A Pennsylvania State Police Ford Interceptor (Raymond Wambsgans/Flickr)
Ten state motorists are suing the Pennsylvania State Police for alleged racial profiling and enforcing federal immigration law without a criminal warrant.
The allegations stem from five separate incidents beginning in early 2017, some including U.S. citizens. The plaintiffs, who are Latinx, contend they were asked to show proof of citizenship during routine interactions with Pennsylvania state troopers as part of investigations into their legal status.
The suit also alleges that the plaintiffs were detained, sometimes for hours, to wait for Immigrations and Customs Enforcement to arrive on the scene.
“PSP troopers have taken it upon themselves to act as enforcers of the complex system of federal civil immigration laws, but without any training, oversight, or the requisite legal authority,” the suit states.
Under U.S. law, immigration enforcement is a federal responsibility. ICE may issue administrative detainers, or requests to search or detain people to determine if they are undocumented, but they are non-binding.
These requests also do not protect municipalities from liability if an individual is wrongly detained.
The ACLU suit alleges that state troopers continued in the illegal behavior “with the knowledge and tacit approval of PSP leadership.”
Trooper Brent Miller, director of communications for the State Police, said in an emailed statement that the law enforcement agency has not yet received any documentation of the suit.

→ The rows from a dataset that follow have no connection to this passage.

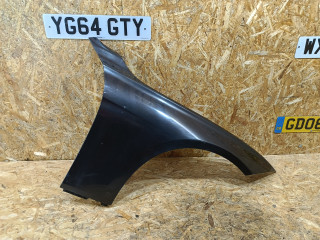 крыло переднее правое BMW 3 серия F30/F31 [рестайлинг] F31 2017, 3.0 л., дизель, АКПП, черный, универсал, полный привод, правый руль, 41007438440, 7438440, 41357298028, 7298028, 41009621598, 9621598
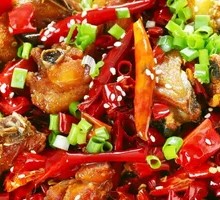 Double Hero Spicy Chicken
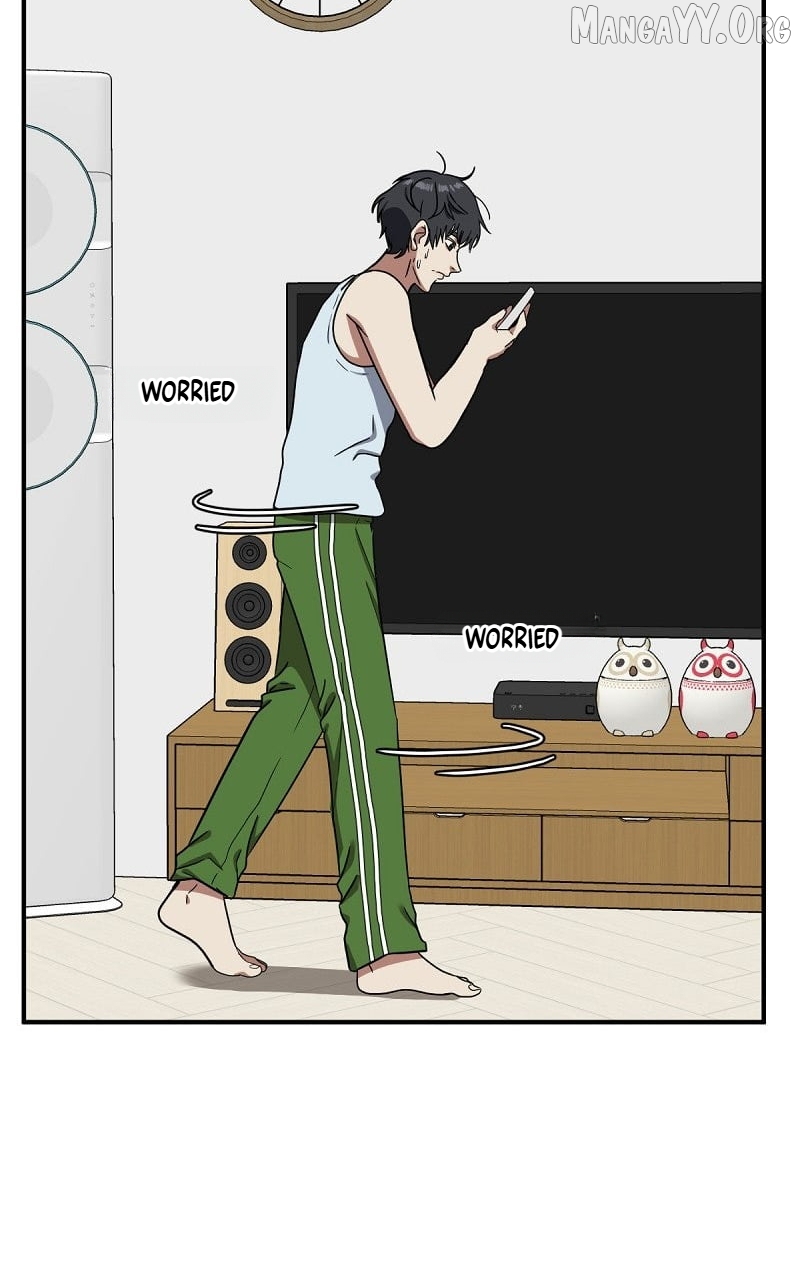 Change Me Chapter 69 - page 32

Miller also pointed to a recently adopted policy change.
“The PSP has trained its members and deployed internal reporting mechanisms to facilitate on-going compliance monitoring,” Miller said in a statement.

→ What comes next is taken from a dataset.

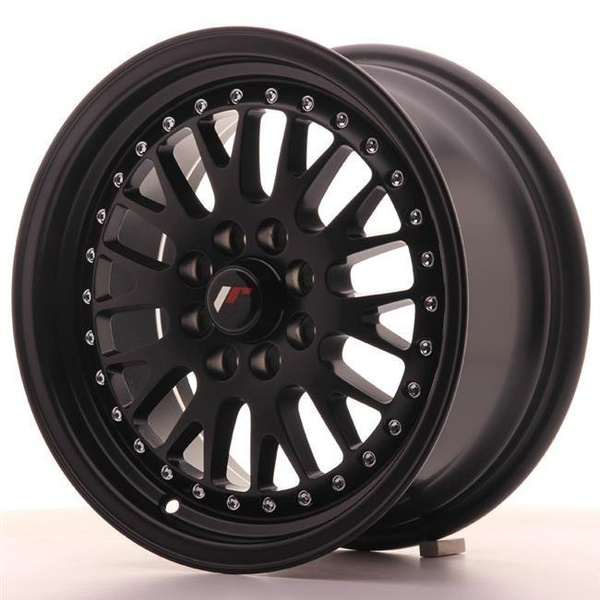 Alufelgi 15" BLANK ET30 JR10 Black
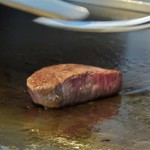 米澤牛DINING べこや - フィレ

One plaintiff spoke Thursday at a Capitol press conference announcing the suit. Rebecca Castro, a U.S. citizen, says she was pulled over while driving to a job site in Maryland from Luzerne County. The officer who conducted the stop cited a concern over human trafficking.
Castro was traveling with two passengers — her then-boyfriend and a co-worker — who were also asked for their IDs.
The officer detained Castro, then called ICE agents who arrested the two passengers and placed them in removal proceedings, she said.
“It’s harassment,” Castro said of her experience.
Vic Walczak, the Pennsylvania ACLU’s legal director, said the lawsuit is just the “tip of the iceberg” of civil rights violations by Pennsylvania police around immigration enforcement. According to Walczak, the ACLU has determined other local police departments are behaving similarly.
In response, the State Police instituted a new policy this January that prohibits state troopers from holding people suspected of being undocumented at the request of ICE. It also prevents officers from asking for ID solely to identify a person’s immigration status.
But troopers are still free to communicate with ICE if they believe they’ve encountered an undocumented immigrant.
The ACLU says the policy should and could go further. Walczak told the Capital-Star earlier this year that the best policy would be no communication between local police and federal immigration authorities whatsoever.
Immigration advocates, as well as national police chiefs, say preventing communication enables these communities to trust their local law enforcement.